Re: Legal ways around copyright for one's own giveaway texts

From: Marvin <physchem_at_EARTHLINK.NET>
Date: Wed, 23 Feb 2000 09:19:51 -0500

----- Original Message -----
From: Stevan Harnad <harnad_at_coglit.ecs.soton.ac.uk>
To: <AMERICAN-SCIENTIST-OPEN-ACCESS-FORUM_at_LISTSERVER.SIGMAXI.ORG>
Sent: Wednesday, February 23, 2000 7:07 AM
Subject: Re: Legal ways around copyright for one's own giveaway texts


> On Tue, 22 Feb 2000, Marvin Margoshes wrote:
>
> >sh> Could we hear some informed legal opinion about whether PRIOR
> >sh> self-archiving on the Web counts as prior publication in the precise
> >sh> sense that one affirms in a copyright agreement stating that "it has
> >sh> not previously been published"?
> >
> > I'm not a lawyer, but I have had a patent attorney explain to me what
> > "publish" means.
>
> Patents (and novels and software and music) are PRECISELY the wrong
> model for this give-away literature. Patent lawyers are concerned to
> protect the inventor from theft of his product. The researcher WANTS
> his "product" "stolen."

I'm afraid that you misread what I wrote. I did not talk about patents as a
model. I only mentioned that I had been informed on this subject by a
patent attorney.
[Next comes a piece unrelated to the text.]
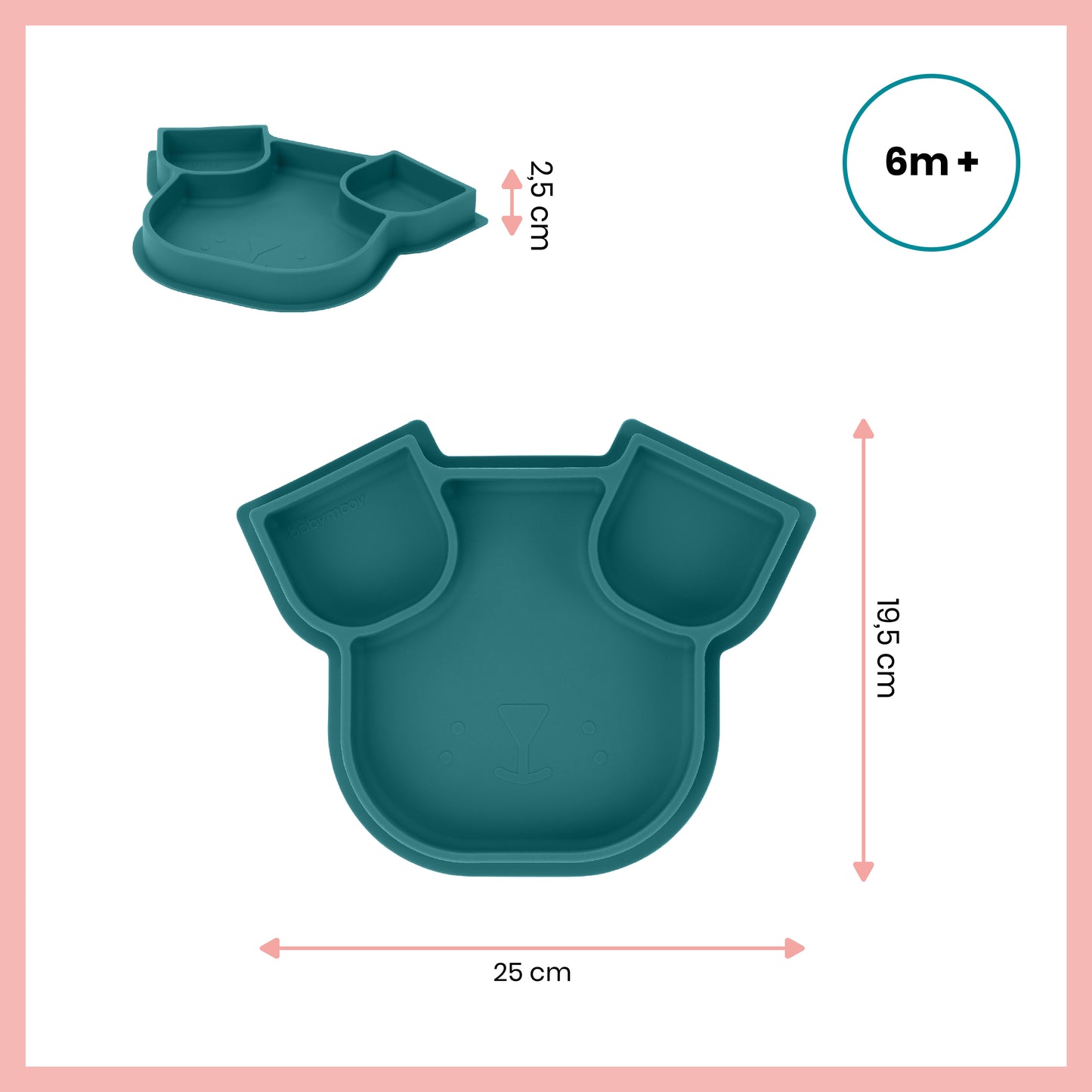 Silicone Isy Plate - Dog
I wrote about what I've been told is meant in intellectual
property law - in the U.S. - by the word "publish". Both patents and
copyrights are protections for intellectual property.

This is an example of what I meant by saying that the Moderator is coloring
the discussion by jumping in with his views as soon as a posting is made.
In this case, he brought in an irrelevant matter as an objection.